Glazing
Traditionally,
greenhouses have been made from glass, which maximizes light transmission
and reduces maintenance compared to plastic coverings. Glass requires
only regular cleaning and sealing of the edges whereas plastic film must
be replaced every two to three years. Glass is expensive, heavy, hard
to work with, and relatively inefficient in terms of energy conservation,
however. Glass must be tempered before it can be used as larger panels
(up to 1.8 m by 3.6 m) which reduce structural shading and breakage from
hail [16]. This further increases
the cost.
Rigid clear plastics used in greenhouse construction, include fiberglass reinforced polyester, polycarbonate, acrylic (polymethymethacrylate) and polyvinyl chloride panels [17]. Although some of these are energy efficient and have good light transmission, and last at least 10 years, they are more expensive than polyethylene films [18]. Acrylic and fiberglass panels are also potential fire hazards. Thus, it is more common for new greenhouses to be covered with a double layer of polyethylene film than with glass or rigid plastic panels. Compared to glass, plastic panels are generally stronger and so require fewer support frames. Thus they shade the house less. However, insulated double-walled plastic panel reduce the rate of snowmelt compared to glass or plastic film, so more snow accumulates, which reduces light and can potentially collapse the greenhouse. With plastic films, which are also energy efficient, the double layers collapse together when snow accumulates, increasing the rate of melt. There are a number of different types of greenhouse plastic films available [19], including low-density polyethylene, polyvinylchloride and ethylene vinyl acetate copolymer, but polyethylene is the most common film is the US. It is now possible to co-extrude plastics or to extrude multiple layers of plastics, which offers the opportunity to create an infrared barrier, reduce condensation, and reduce disease or insect pressure or regulate plant growth through wavelength selective plastics. Wavelength-selective plastics have not been widely tested, however.

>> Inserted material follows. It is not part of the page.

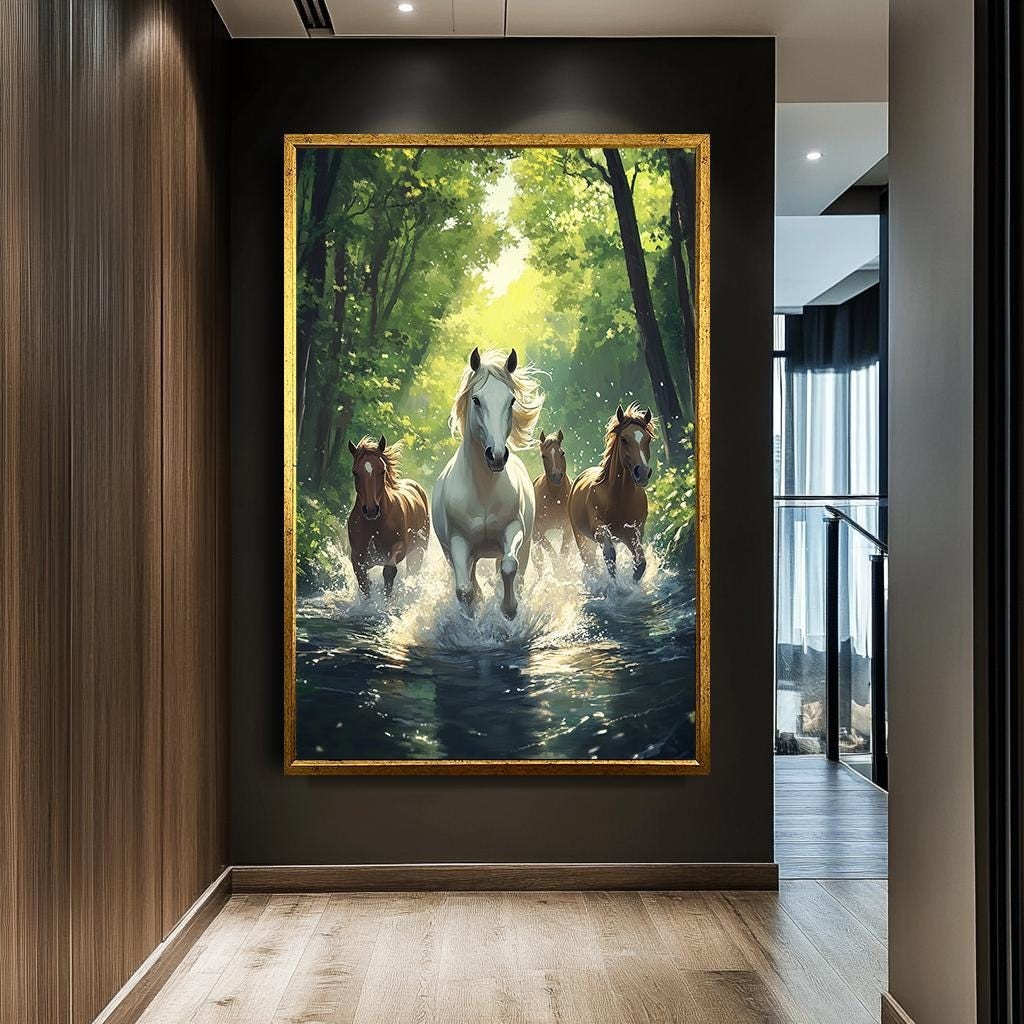 Majestic Horses Running Through Water Canvas Art, Nature-Inspired Anim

Plastic coverings must be replaced every 2-3 years to maintain high levels of light transmission although the useful life and strength of the film can be extended by the addition of 1-5% vinyl acetate [20]. Temperature extremes and air pollutants further reduce life expectancy of the plastic. Air pollutants can be either external or internal, such as pesticide sprays. Degradation from high temperature is accelerated where the plastic contacts the greenhouse structure and if high temperatures persist.
Compared to glass or rigid plastic panels, polyethylene film greenhouses have low air infiltration from outside because of the continuous plastic film covering. However, this also contributes to higher humidity levels, and flattened arch-shaped roofs contribute to dripping of condensate, subjects discussed further in the environmental control section below. Plastic film greenhouses also require fan ventilation for cooling rather than ridge vent openings for natural ventilation. However, recently designs have become available for plastic film greenhouses with roof openings [21].
Frame Types and Greenhouse Orientation
Greenhouse frames are generally made of aluminum or galvanized steel. The shape varies (Fig. 6), depending on the expected snow load, whether a number of houses are to be joined, whether the covering is to be glass or plastic, and the height of the crop to be grown. The straight sidewall greenhouse with arch roof is probably the most common shape because it can be covered with double-layer plastic and connected to other houses at the gutters to expand the growing areas. The height to the gutter is as high as 5 m in some European-style greenhouses. More commonly in greenhouses in the southeast it is 2.5-3.5 m. High sidewalls increase the greenhouse area relative to the growing space, thereby increasing heating costs, but also make the environment more uniform and stable. This is particularly important where the ridge vents open to provide passive cooling. Hoop styles greenhouse are inexpensive to build, and cheap to heat, but space near the sidewalls cannot be used efficiently with a tall-growing crop such as tomatoes. Gothic arch frame structures, which have a peak at the top, but curving sides, can provide adequate sidewall height without loss of strength and can be free-standing or part of a range of multi-span, gutter-connected units.
A free-standing, single-bay greenhouse generally provides more light than a gutter-connected, multibay greenhouse because there is less overhead structure [22]. However, in all types of greenhouses, the most important feature is to have as little of the overhead area as possible obstructed by the framing, shades, lights, fans, or other greenhouse devices. Another important consideration is greenhouse orientation. Tall crops, such as tomatoes, grown in gutter-connected, multibay greenhouses should be oriented with the gutters (or ridges) north-south to improve light uniformity to all locations within the growing area [23]. Shadows in the house will move east to west during the day, and no single location will be shaded all day.